Aquella noche, yo misma, le conté a Asavis lo que planeaba su padrastro. Ella me escuchó en silencio y al final me preguntó:
―Entonces, ¿qué debo hacer?
―No lo sé, princesa. Tú debes elegir. Yo soy un camino lleno de aventuras y peligros. Conmigo atravesarás desiertos, pasarás hambre y sed. Sentirás más de una vez la tentación de abandonar…, pero al final encontrarás lo que buscas desde que eras niña.
―¿Y si te digo que no?
―Si dices que no, mañana te despertarás en tu cama de marfil un poco triste, pero serena. Pensarás que todo ha sido un sueño, que las estrellas no hablan y que debes olvidar la astronomía para cuidar de tu reino.
Asavis se quedó en palacio. No conoció a Jesús, y, de vez en cuando, sale a la terraza, mira hacia el lugar donde me vio por primera vez y repite como si estuviera convencida:
―Fue sólo una estrella; fue sólo una estrella.



La Víspera
El sol de diciembre nos trajo unos días serenos y limpios de bruma. Aquella noche no había una sola nube en el cielo. La luna se había escondido, y las estrellas brillaban nítidas como diamantes diminutos. Zabulón, mi hijo pequeño, tumbado en la hierba junto a las ovejas, miraba al firmamento y hablaba solo jugando con las estrellas.

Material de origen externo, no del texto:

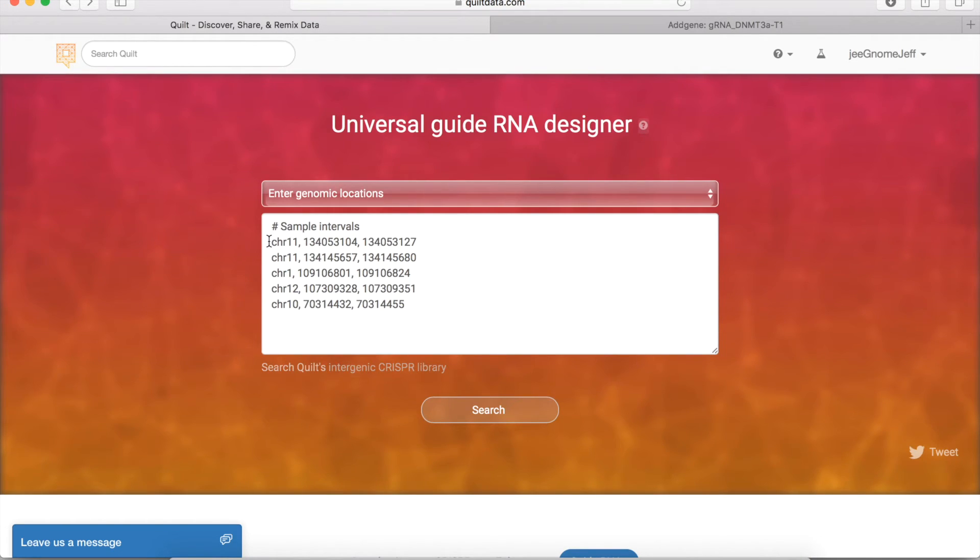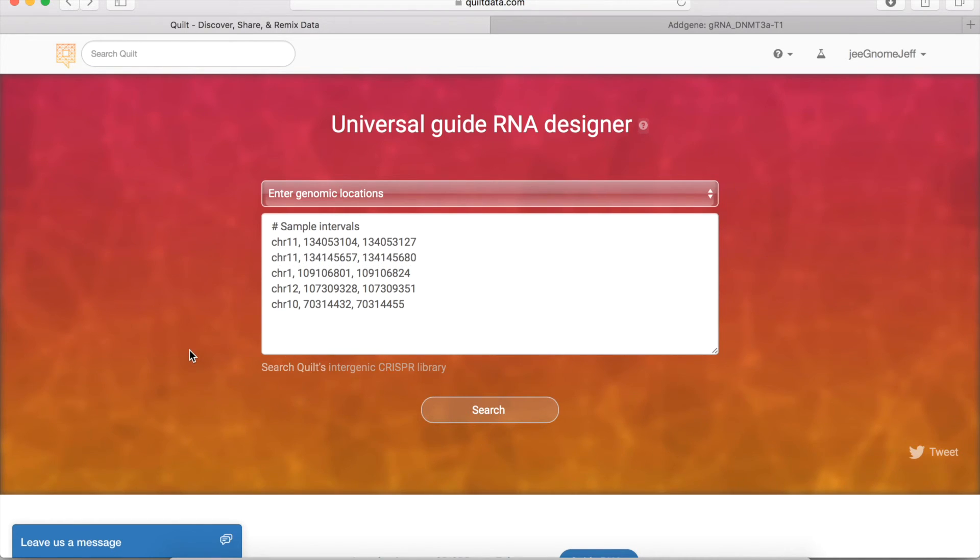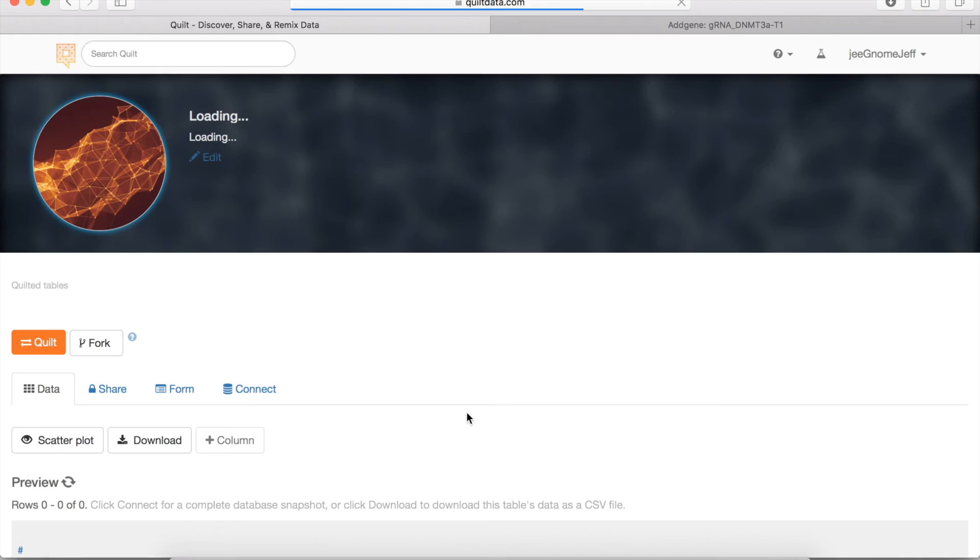But what you can do is search by entering genomic intervals and we'll search for all the guide RNAs that fall within that region. And again, you can input these and just hit the search button.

Yo me quedé un buen rato mirándolo. Lo hago muchas veces cuando él no se da cuenta porque Zabulón es mi tesoro, el último regalo que me dejó mi esposa. Ella murió al darle a luz, pero tuvo tiempo de verlo y abrazarlo. Cuando comprendió que el niño nunca sería normal, me dijo:
―Éste siempre vivirá contigo. No te abandonará como los mayores.

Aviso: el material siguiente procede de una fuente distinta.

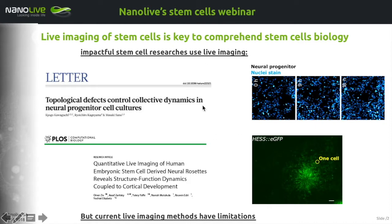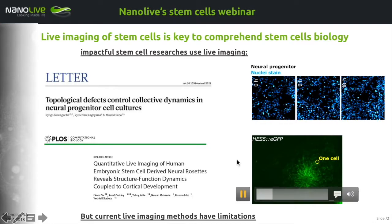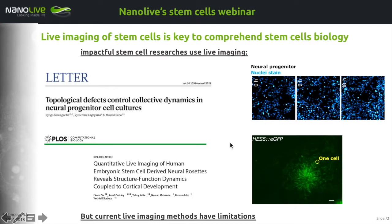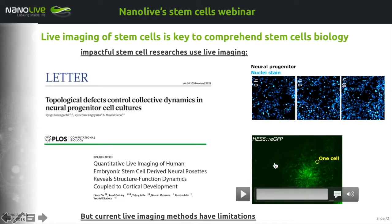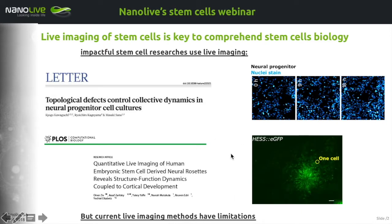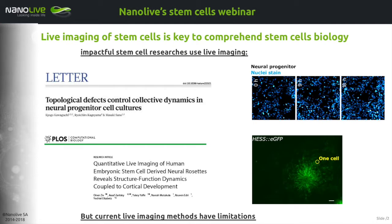You can see here, for example, a time-lapse imaging of neuro progenitors over 18 hours monitored with just three time points. You also see here stem cells stained with GFP, developing over four hours with one image every five minutes. This shows that live fluorescence imaging is a great tool that has led to major discoveries.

Tenía razón. Todos dicen que Zabulón es mi niño tonto, pero cuida a las ovejas mejor que nadie, y sabe dar cariño a su padre cuando lo necesita.
―¿Qué harás cuando yo me muera? ―me preguntó un día de improviso con su lengua de trapo―.
―Yo soy mucho más viejo que tú y moriré antes―le contesté―; pero no debes preocuparte por eso. Dios ha cuidado de nosotros hasta hoy y siempre habrá un ángel a tu lado.
Aún faltaban dos días para la navidad, pero ya alguien nos había traído la noticia de que, en el establo de la posada vivía un matrimonio muy joven llegado de Galilea y que ella estaba esperando un niño.
Sin pensarlo dos veces nos acercamos para ofrecerles unas pellizas, leche y un poco de queso. José, que resultó ser un muchacho fuerte y simpático, sacó unas garrafas de vino galileo. Bebimos y cantamos, todos menos Zabulón, hasta el anochecer.
La víspera fue también un día especial:
―¿No lo notas, padre?
Yo también había percibido el aroma de las flores. ¿De dónde venía? Y los insólitos sonidos del campo: los pájaros no cantan en invierno y lo estaban haciendo como si fuera a comenzar ya la primavera.
―¿Has visto la estrella?
―¿Qué estrella?
Zabulón la señaló con el dedo. Era un lucero azulado con una pequeña cola de plata.
―Es nueva ―me dijo―. ¿Por qué ha venido?
―No lo sé, hijo mío y quizá no lo sepamos nunca, pero ten la seguridad de que Yahvé la ha puesto ahí con un fin.
Dormimos poco aquella noche. Yo sabía ya que las estrellas del firmamento, las plantas y las flores, los árboles del bosque, los animales del campo y las aves del Cielo estaban a la espera de algo muy grande que iba a suceder.
Zabulón fue el primero en ver al Ángel.